- [GIVEN RECORDS]
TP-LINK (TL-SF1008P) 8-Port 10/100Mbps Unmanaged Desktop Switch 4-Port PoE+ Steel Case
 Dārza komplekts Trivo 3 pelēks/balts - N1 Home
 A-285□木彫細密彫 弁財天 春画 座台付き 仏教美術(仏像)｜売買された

--

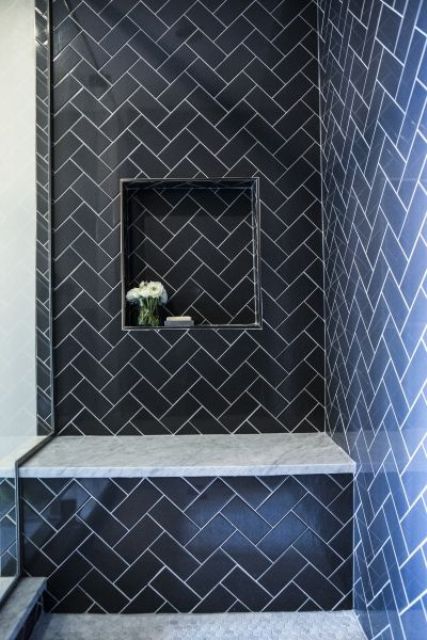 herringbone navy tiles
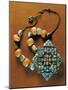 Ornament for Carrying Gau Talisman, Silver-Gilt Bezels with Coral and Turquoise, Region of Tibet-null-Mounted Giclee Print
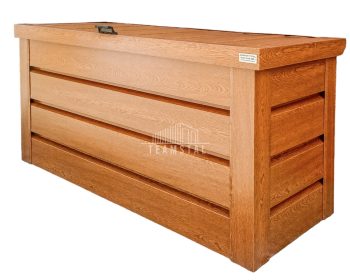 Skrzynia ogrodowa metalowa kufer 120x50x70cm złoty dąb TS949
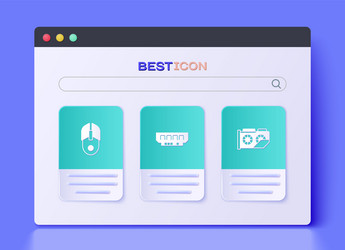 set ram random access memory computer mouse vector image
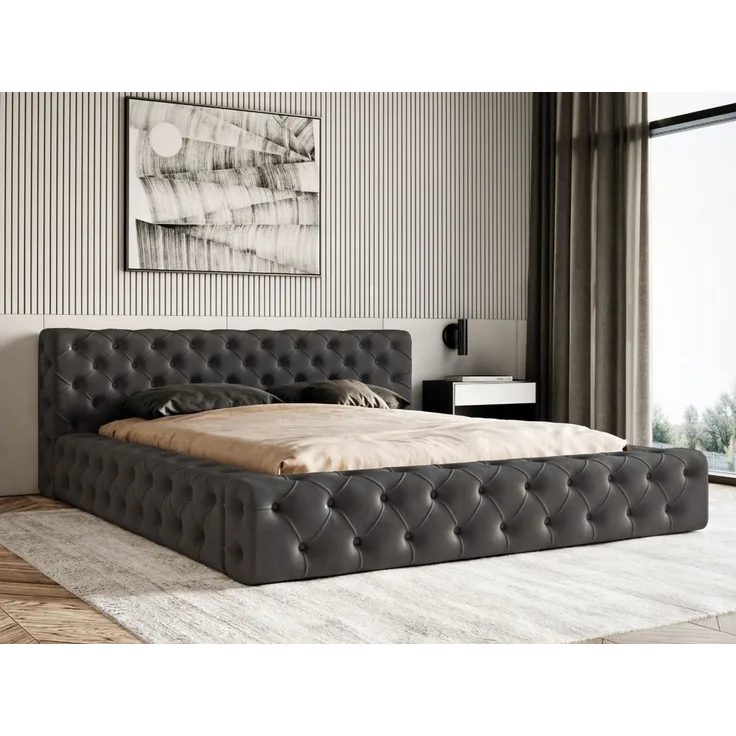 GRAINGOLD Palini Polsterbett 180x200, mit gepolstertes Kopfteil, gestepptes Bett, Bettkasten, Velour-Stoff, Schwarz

- [WORK INSTRUCTION] Write out, word for word, the stretch of entries that begins at the line with "set ram random" and ends at the line with "GRAINGOLD Palini Polsterbett". Pictures do not belong in it.

- [ANSWER FOR THE TASK]
 set ram random access memory computer mouse vector image
 GRAINGOLD Palini Polsterbett 180x200, mit gepolstertes Kopfteil, gestepptes Bett, Bettkasten, Velour-Stoff, Schwarz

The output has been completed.